The contract declared on is clearly illegal and void. As said in the opinion at the former hearing (ib. p. 129), it is said here, ‘ ‘ the contract set up attempted to effect a sale which could not be made without contravening public policy.” The scrip in question was such as gave to a soldier the right to make an additional homestead entry under the laws of the United States. It is not disputed, and cannot be, that the soldier himself, and he alone, can use it, and he cannot sell it or transfer it in any way to another, and thereby give to that other the right to make an entry of lands with it.

*437The papers making up each set in this case are fully described in the report of the former hearing (ib. 121,122), and on mere inspection they would show the fraud intended, and carry that knowledge to every party having anything to do with them. Both these parties had knowledge at the time of this transaction that any sale, transfer, or assignment of the right of a soldier represented by this scrip was absolutely illegal. The law conclusively presumes this knowledge.

It can make no difference here as to what representations were made by appellant to appellees, as to the use of this scrip in entering public lands; before the appellees paid the purchase money they had the scrip in their possession, had it examined by their agents and knew exactly what it was, and, with that knowledge, paid for it.

It is equally immaterial whether the scrip was forged or genuine — in either case it was worthless in their hands.

There could be no mistake or misapprehension, and one party was as much to blame as the other. There is consequently nothing a court of equity can take cognizance of.

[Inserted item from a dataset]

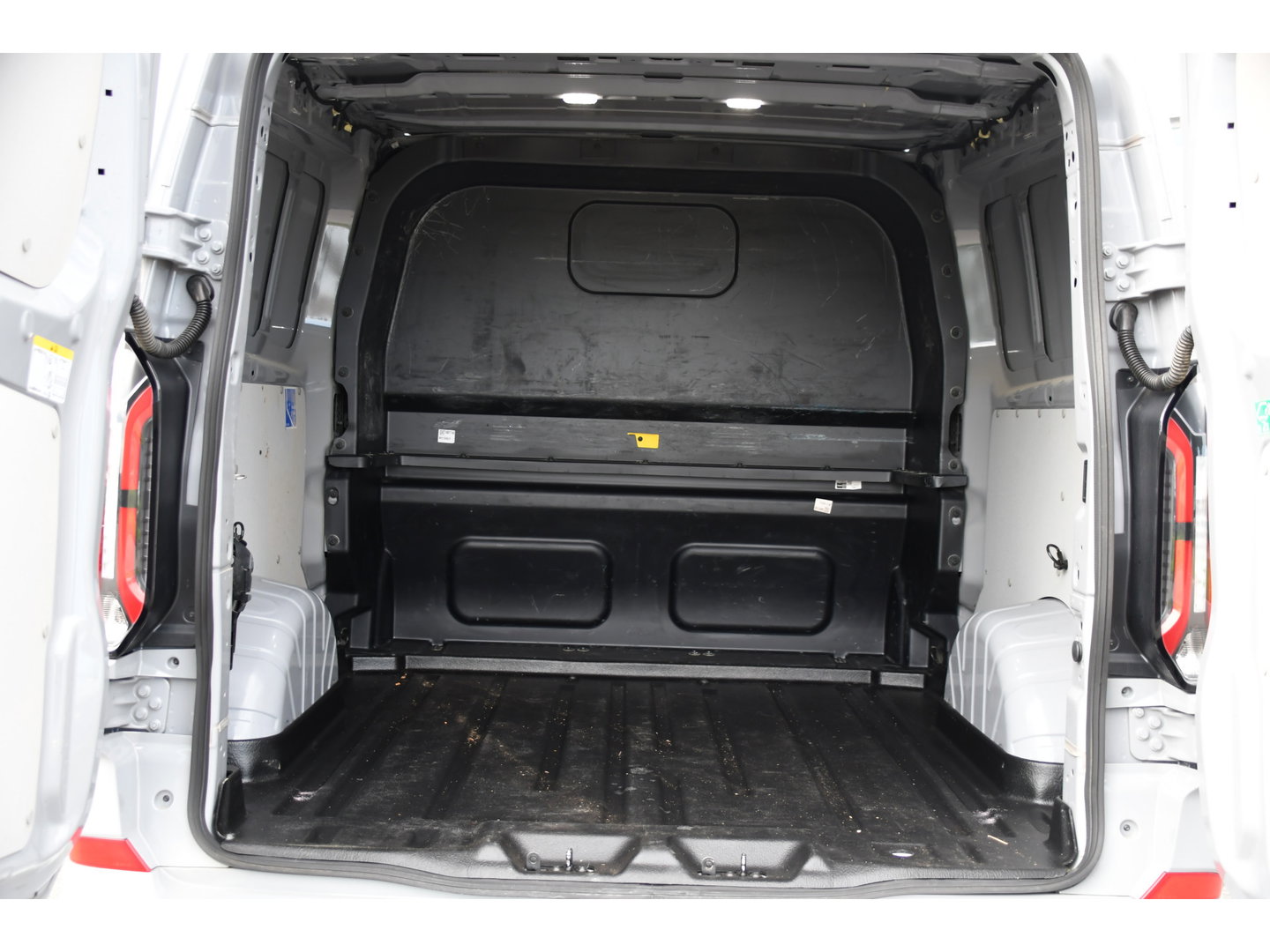 Ford Transit Custom 320 2.0 TDCI L2H1 Sport DC 360 Camera, Adaptieve Cruise, Carplay, LED, 170pk, Elektrische stoel, Stuurverwarming, Stoelverwarming, Sensoren, Uniek!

There is nothing here open to doubt, or even to doubtful construction — ihe parties were equally in fault. The appellant, it is claimed, made representations, and appellees relied upon them, and that each was mistaken as to the law; yet it appears the appellees knew as much about it as the appellant, and each knew all the facts relating to the matter. We are compelled to overrule the findings of the District Court, so far as they are not in conformity with these views.

Let the judgment below be reversed, and judgment entered in favor of appellant for costs.

Turner, J., Langford, J., and Allyn, J., concurred.